Facebook is on the way to becoming a lot more than the website it started out as.
Last week witnessed the Facebook F8 Developer Conference, between the 18th-19th April 2017.
The annual conference saw the social media juggernaut reveal its plans moving forward, and how it hopes to continue to innovate the site.
Between augmented reality, updates to Messenger and even VR, Facebook made a number of exciting announcements.
Let’s break down the top five features that you will get excited about.
VR ~Virtual Reality
Easily the most exciting announcement to come out of F8. Facebook revealed that VR functionality currently undergoes development.
With Virtual Reality hailing as the latest buzz, it is perhaps unsurprising that it will make its way to social media too. Indeed, perhaps we should have seen this coming, with Facebook having acquired the Oculus VR kit in 2014. Now, the company hopes to lead the way when it comes to social media VR.
Named “Facebook Spaces,” the announced platform will allow you and three friends to hang out in a virtual reality space.

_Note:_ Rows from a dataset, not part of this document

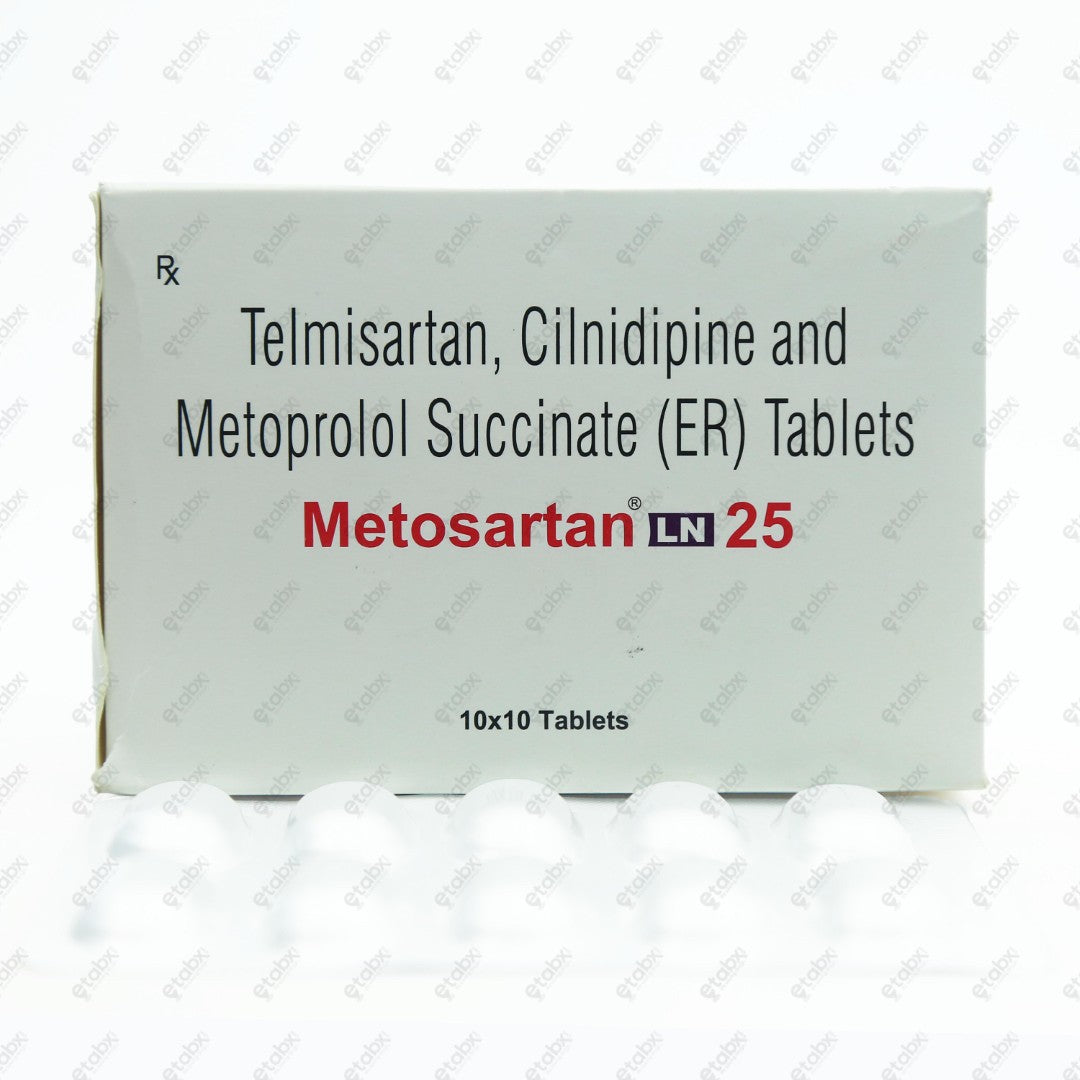 Metosartan LN 25mg Tablet 10s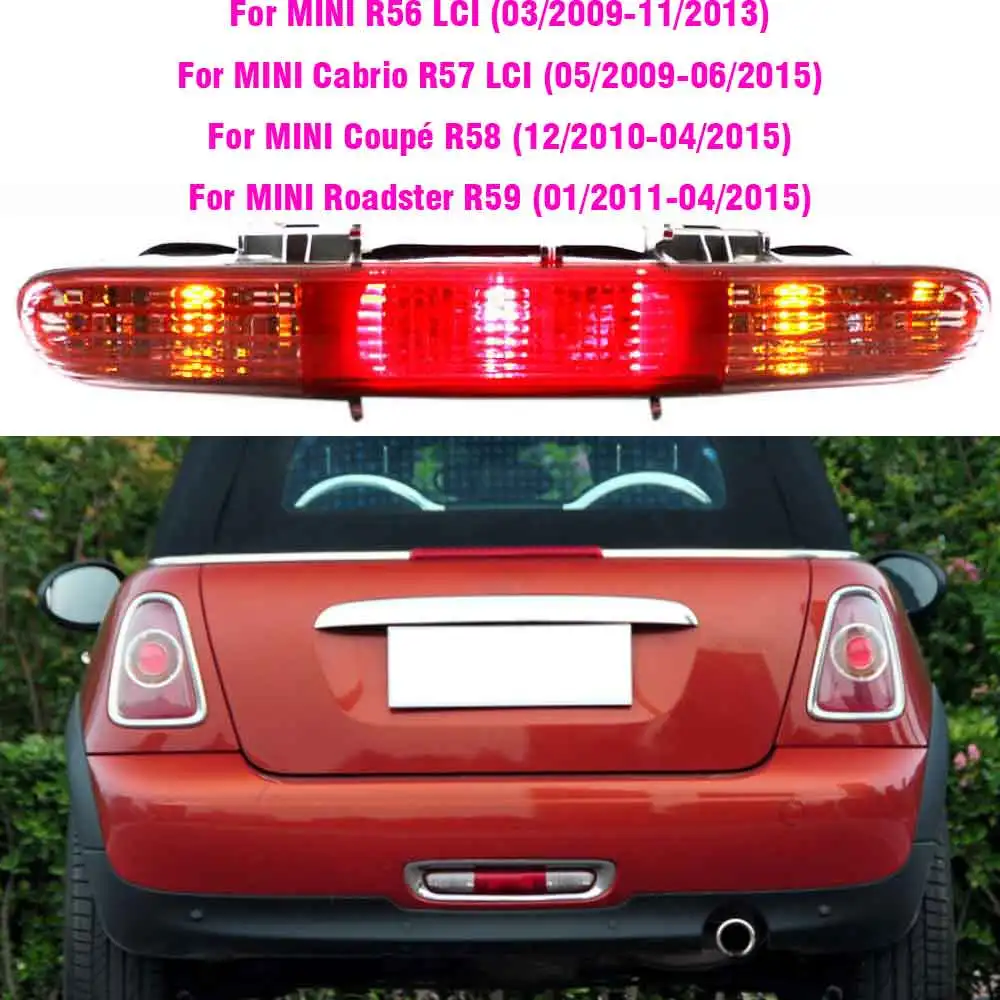 

Задний противотуманный фонарь автомобиля, бампер, задний фонарь для MINI Cooper R56 R57 2011-2013 63247255925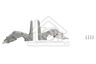 Constructa Koelkast Alternatief Scharnier Metaal set boven en onder KUR15440, GU12L440 12004051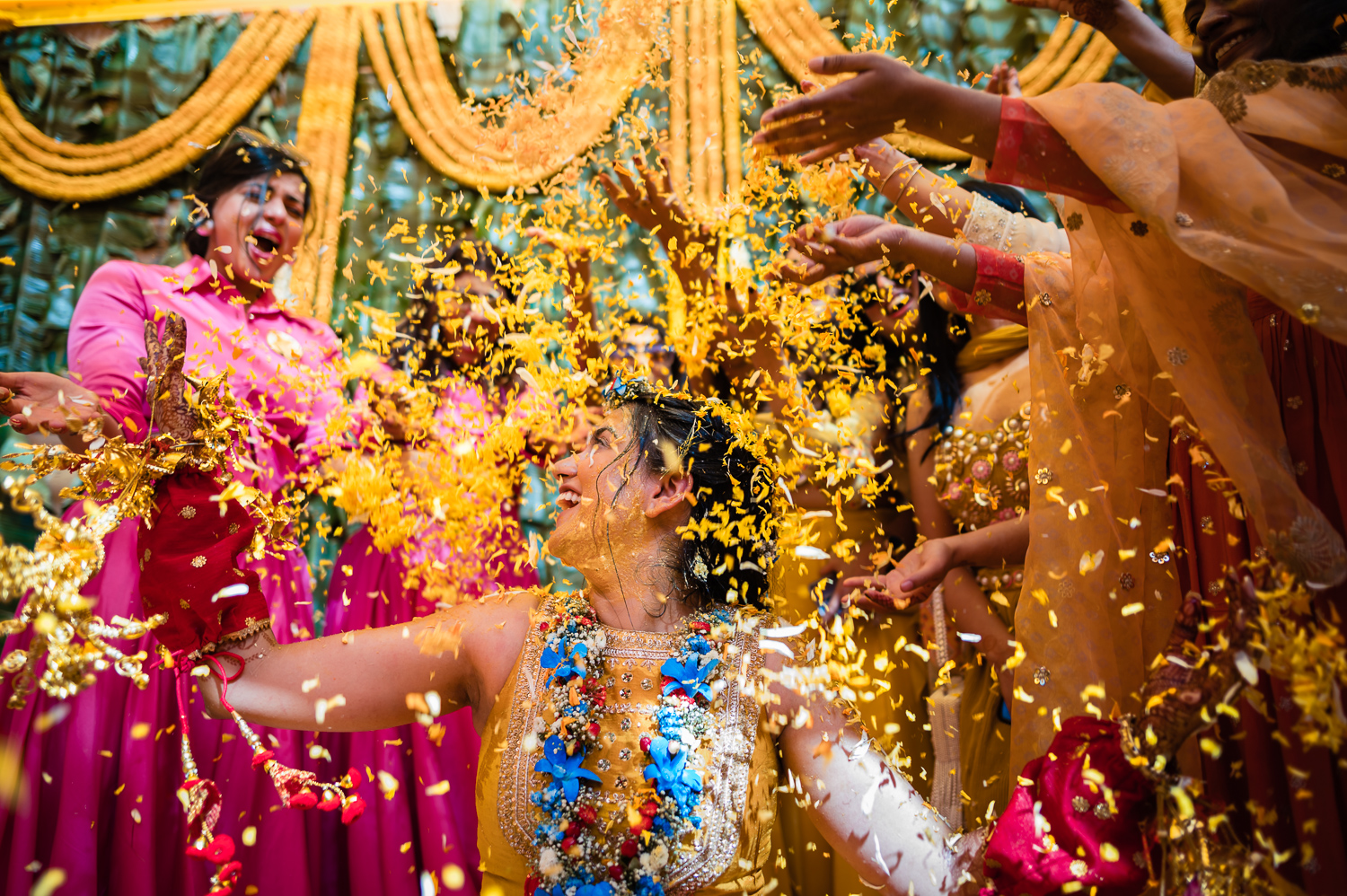Bride Flower Shower at Taj Aravali, Udaipur.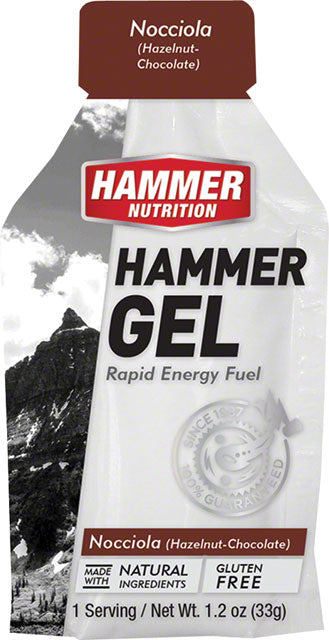 Hammer Gel: Hazelnut Chocolate, 24 Single Serving Packets-0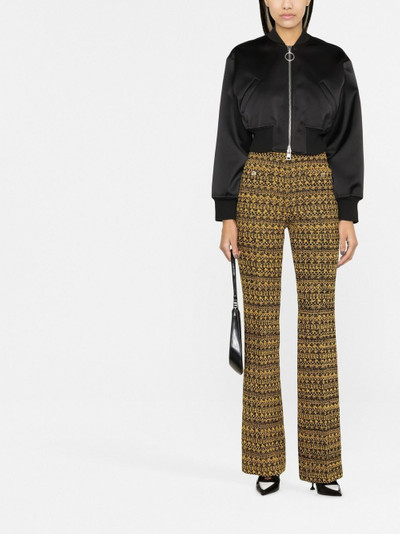 Alessandra Rich graphic-print tailored trousers outlook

This space acts in the style of a cartoon and will feature cartoon versions of you and your friends based off recently tagged photos. Facebook Spaces will allow you to do everything from watching 360-degree videos, taking selfies, or just talking.
At the moment it is available only on the Oculus Rift VR and the Oculus Touch controllers. However, there are plans for expansion to other VR devices. Either way, it is clear that this is something the social media juggernaut wants to continue in the future.
However, there are plans for expansion to other VR devices. Either way, it is clear that this is something the social media juggernaut wants to continue in the future.
Direct Brain ~ Computer Interface
Easily as exciting as Facebook’s VR platform is the work being done on a brain-to-computer interface.
One of the pesky, everyday problems of Messenger is being unable to type fast enough to keep up with the conversation. With this brain-computer interface, however, such things could be a thing of the past.
The plan is to have the technology scan your brain 100 times per second to convert what you’re saying in your head into text. Aside from obviously making manual typing unnecessary, the goal is also to make it faster. Five times faster, to be precise, with an average of 100 words per minute.
Though the technology remains in its early stages, this could nevertheless be the future of messaging. It’s certainly one to watch out for, needless to say.
Much has been made of Facebook’s recent updates that have brought the platform in line with Snapchat’s features. These include user stories and a general user interface for the Messenger app that looks much like Snapchat.
With its Camera Effects Platform, however, Facebook intends to take this even further. Once more in a vein similar to what Snapchat allows, Camera Effects will utilise phone cameras to create augmented reality experiences.
Currently, it allows for artistic frames or animations. Yet, there are plans for much more. At the conference, Facebook founder Mark Zuckerberg said that the company is working to make the platform be able to recognise objects as well as faces.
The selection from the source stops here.